Session

Show me the errors you didn't look for

with Claus Ekstrøm

useR!2017: Show me the errors you didn't look for

Keywords: Data cleaning, Quality control, Reproducible research, Data validation
Webpages: https://CRAN.R-project.org/package=dataMaid, https://github.com/ekstroem/dataMaid
The inability to replicate scientific studies has washed over many scientific fields in the last couple of years with potentially grave consequences. We need to give this problem its due diligence: Extreme care is needed when considering the representativeness of the data, and when we convey reproducible research information. We should not just document the statistical analyses and the data but also the exact steps that were part of the data cleaning process so we know which potential errors that we are unlikely to identify in the data.
Data cleaning and -validation are the first steps in any data analysis since the validity of the conclusions from the statistical analysis hinges on the quality of the input data. Mistakes in the data arise for any number of reasons, including erroneous codings, malfunctioning measurement equipment, and inconsistent data generation manuals. Ideally, a human investigator should go through each variable in the dataset and look for potential errors — both in input values and codings — but that process can be very time-consuming, expensive and error-prone in itself.
We present the R package dataMaid which implements an extensive and customizable suite of quality assessment tools to identify and document potential problems in the variables of a dataset.
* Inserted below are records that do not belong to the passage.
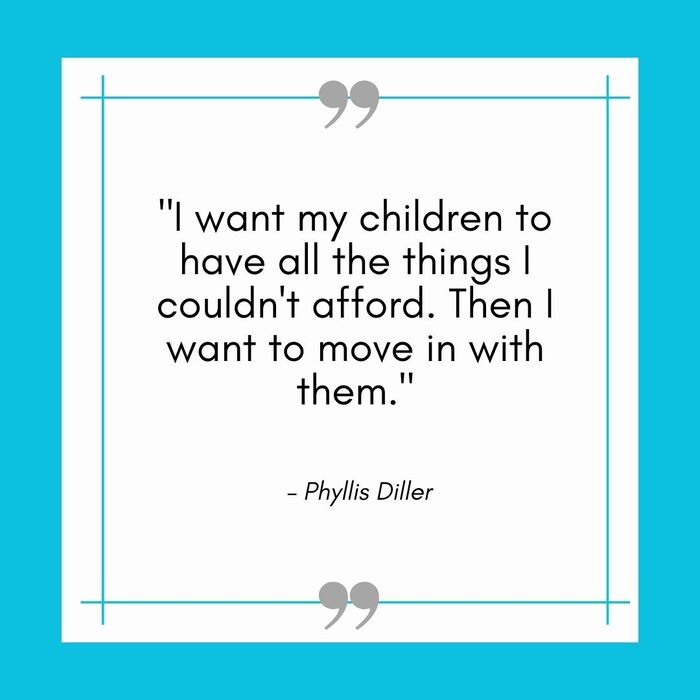 Funny Mom Quotes - phyllis diller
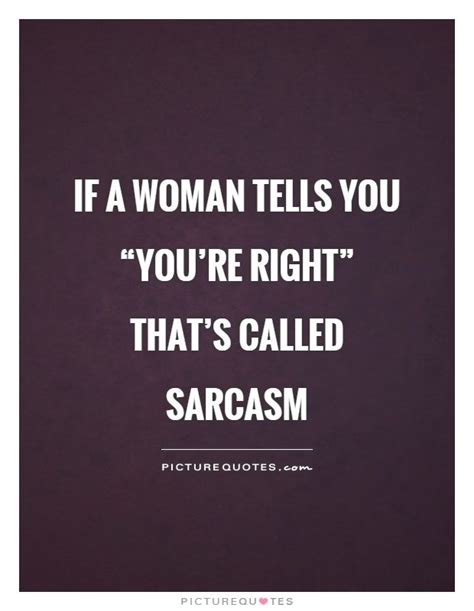 If A Woman Tells You “you’re Right” That’s Called Sarcasm
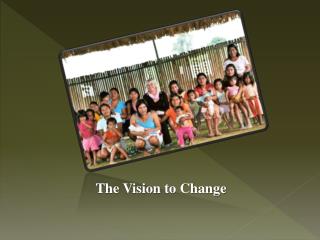 The Vision to Change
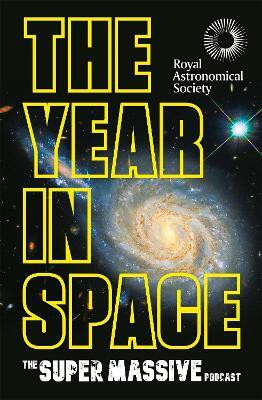 The Year in Space(English, Hardcover, The Supermassive Podcast (Izzie Clarke, Dr Becky Smethurst, Richard Hollingham, Robert Massey))
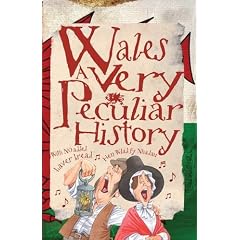 Cherished Library: Wales, A Very Peculiar History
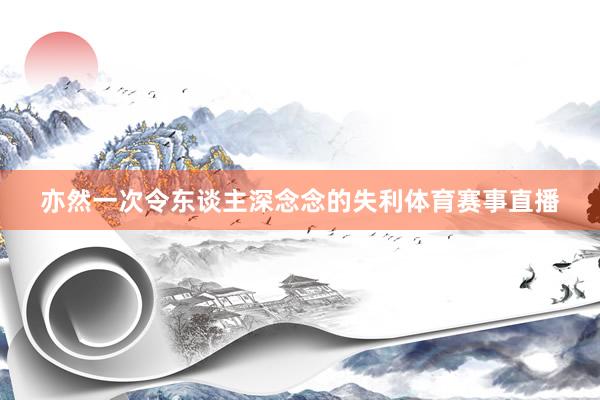 亦然一次令东谈主深念念的失利体育赛事直播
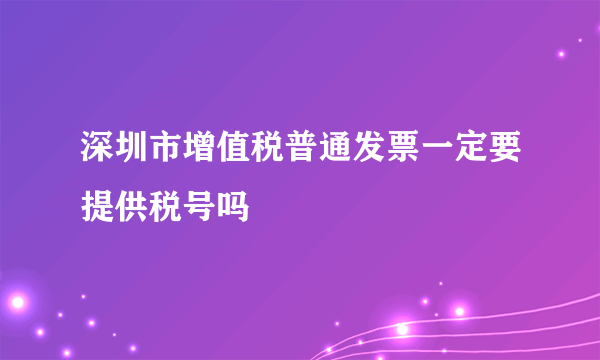 深圳市增值税普通发票一定要提供税号吗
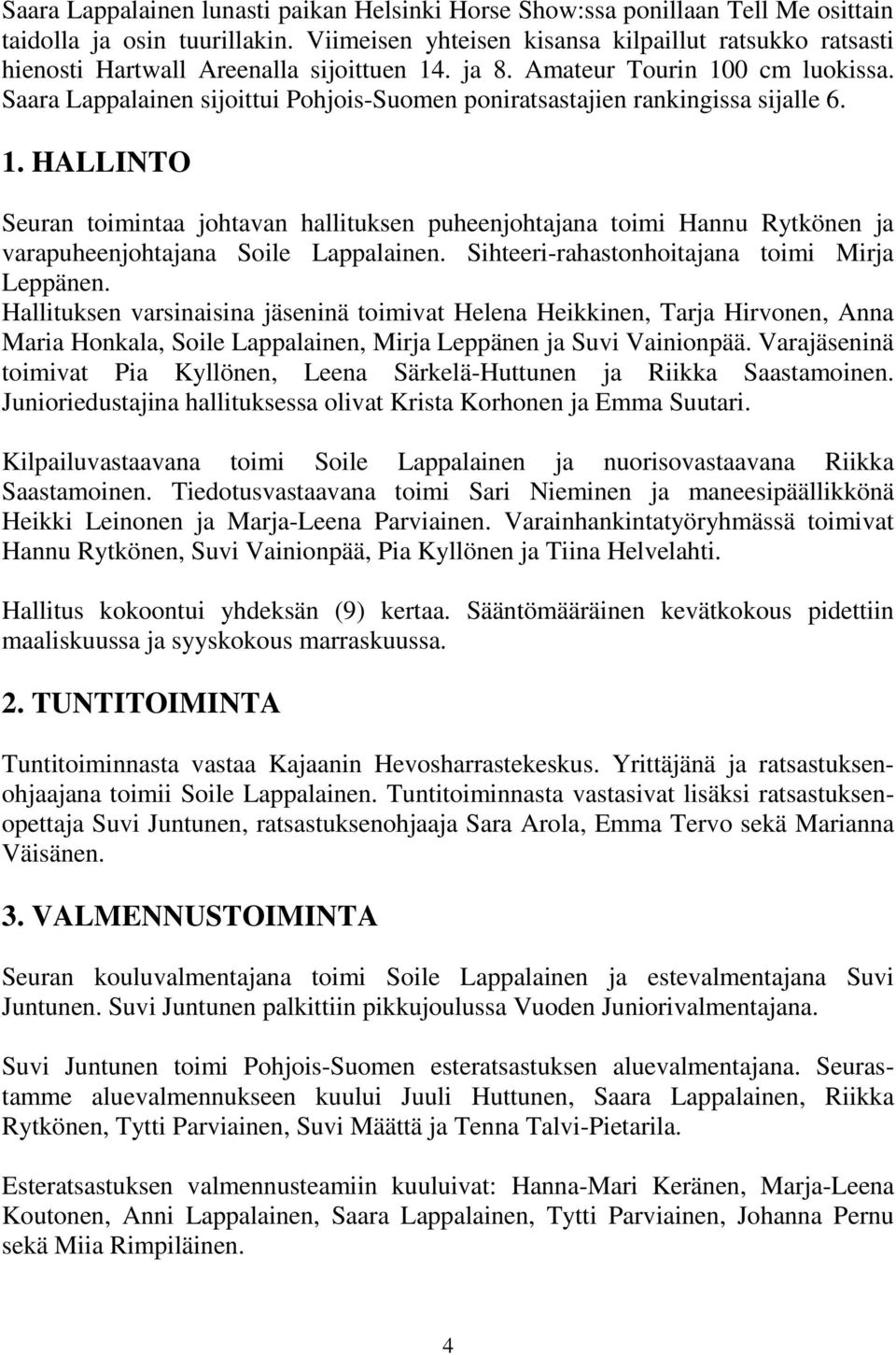 Saara Lappalainen sijoittui Pohjois-Suomen poniratsastajien rankingissa sijalle 6. 1.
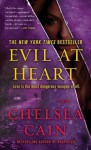 Evil at Heart (Archie Sheridan & Gretchen Lowell) - Chelsea Cain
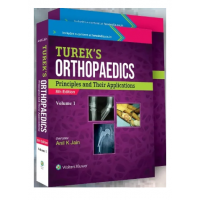 Turek Orthopedics (2 Vol. Set):Principles and their Applications;8th Edition 2022 By Anil K. Jain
The results can be presented in an auto-generated, non-technical, stand-alone overview document intended to be perused by an investigator with an understanding of the variables in the dataset, but not necessarily knowledge of R. Thereby, dataMaid aids the dialogue between data analysts and field experts, while also providing easy documentation of reproducible data cleaning steps and data quality control. dataMaid also provides a suite of more typical R tools for interactive data quality assessment and -cleaning.